PROBLEM TO WORK ON: Write out each entry below exactly; the images do not belong in your copy.

THE INPUT:
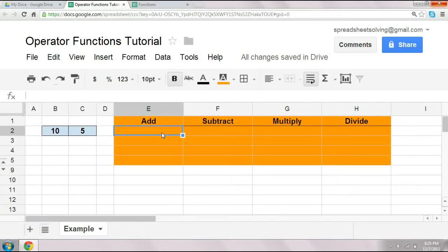Alright, as the expression goes, there are many ways to skin a cat. Well, likewise, there are many ways to add, subtract, multiply, and divide in spreadsheets. Let's start with the most obvious.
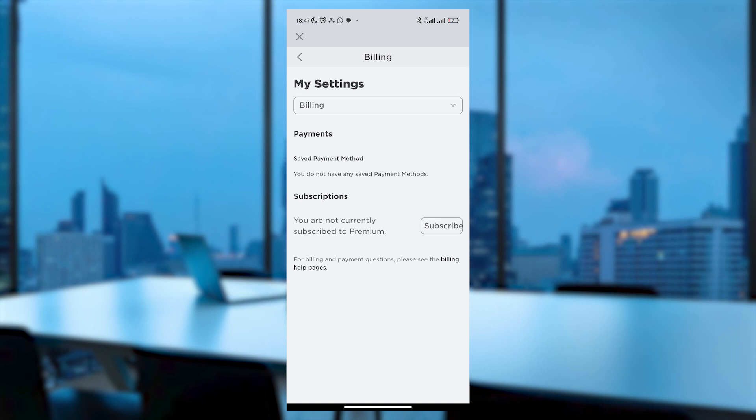Remember that you'll still enjoy Premium perks until the current billing period ends, typically the next month, after which it won't auto-renew. I hope this video was helpful.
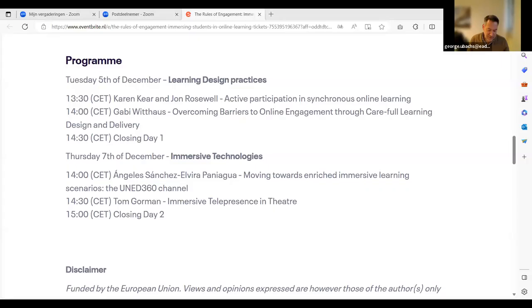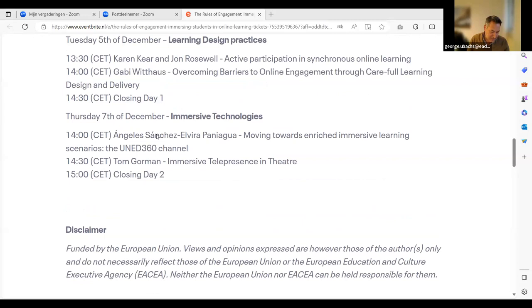That brings us to the close of today's session. Thanks again to Gabby, John, and Karen. Our next session in this webinar week is on Thursday on immersive technologies, starting at two o'clock — not half past one but two o'clock. Hope to see you all there. Thanks so much, bye everyone, see you Thursday.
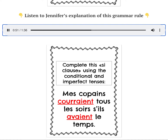So you notice this means 'my friends would run every evening if they had the time.' Courir is in the conditional tense and this is an irregular stem. Be sure to look at your list of irregular stems in the conditional tense — it has two R's in it. That's what makes it irregular.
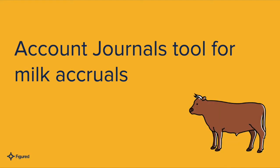Hi everyone, my name is Matt and I'm on the customer success team here at Figured. Today we're going to have a look at the account journals tool for milk.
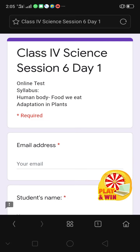Welcome children to Class 4's Science Class, Session 6, Day 1. Today we are going to discuss the upcoming online test. The syllabus for your science test is human body, food we eat, and adaptation in plants. Today we will do a demo of the test.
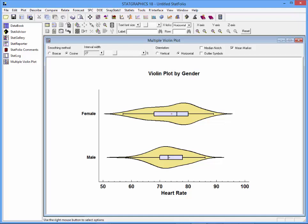While box and whisker plots by themselves are a useful device, I think a violin plot adds a lot of information.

RESPONSE TO THIS TASK:
Alright, as the expression goes, there are many ways to skin a cat. Well, likewise, there are many ways to add, subtract, multiply, and divide in spreadsheets. Let's start with the most obvious.
Remember that you'll still enjoy Premium perks until the current billing period ends, typically the next month, after which it won't auto-renew. I hope this video was helpful.
That brings us to the close of today's session. Thanks again to Gabby, John, and Karen. Our next session in this webinar week is on Thursday on immersive technologies, starting at two o'clock — not half past one but two o'clock. Hope to see you all there. Thanks so much, bye everyone, see you Thursday.
So you notice this means 'my friends would run every evening if they had the time.' Courir is in the conditional tense and this is an irregular stem. Be sure to look at your list of irregular stems in the conditional tense — it has two R's in it. That's what makes it irregular.
Hi everyone, my name is Matt and I'm on the customer success team here at Figured. Today we're going to have a look at the account journals tool for milk.
Welcome children to Class 4's Science Class, Session 6, Day 1. Today we are going to discuss the upcoming online test. The syllabus for your science test is human body, food we eat, and adaptation in plants. Today we will do a demo of the test.
While box and whisker plots by themselves are a useful device, I think a violin plot adds a lot of information.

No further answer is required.